THE TASK ▸ Please give back only the lines below from the one containing "Shoe'N Tale Pearl" to the one containing "Map of Croatia | Map of Europe | Europe Map", each repeated word for word, both ends included.

DATA IN THIS EXERCISE ▸
· · · · ·
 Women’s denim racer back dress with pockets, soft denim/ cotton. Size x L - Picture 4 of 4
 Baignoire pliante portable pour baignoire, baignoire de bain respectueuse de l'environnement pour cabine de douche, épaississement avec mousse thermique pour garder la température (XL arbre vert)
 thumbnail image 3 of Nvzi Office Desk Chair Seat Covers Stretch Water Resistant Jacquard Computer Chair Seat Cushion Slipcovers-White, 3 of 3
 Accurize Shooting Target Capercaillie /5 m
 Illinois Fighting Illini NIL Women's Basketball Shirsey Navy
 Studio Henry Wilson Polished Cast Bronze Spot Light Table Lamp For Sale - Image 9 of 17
· · · · ·
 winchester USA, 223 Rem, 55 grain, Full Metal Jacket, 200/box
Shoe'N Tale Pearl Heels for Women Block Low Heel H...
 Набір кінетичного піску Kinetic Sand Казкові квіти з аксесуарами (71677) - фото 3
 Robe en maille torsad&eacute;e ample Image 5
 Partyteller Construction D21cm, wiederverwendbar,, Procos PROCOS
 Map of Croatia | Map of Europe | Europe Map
· · · · ·
RESULT OF THE EXERCISE ▸
Shoe'N Tale Pearl Heels for Women Block Low Heel H...
 Набір кінетичного піску Kinetic Sand Казкові квіти з аксесуарами (71677) - фото 3
 Robe en maille torsad&eacute;e ample Image 5
 Partyteller Construction D21cm, wiederverwendbar,, Procos PROCOS
 Map of Croatia | Map of Europe | Europe Map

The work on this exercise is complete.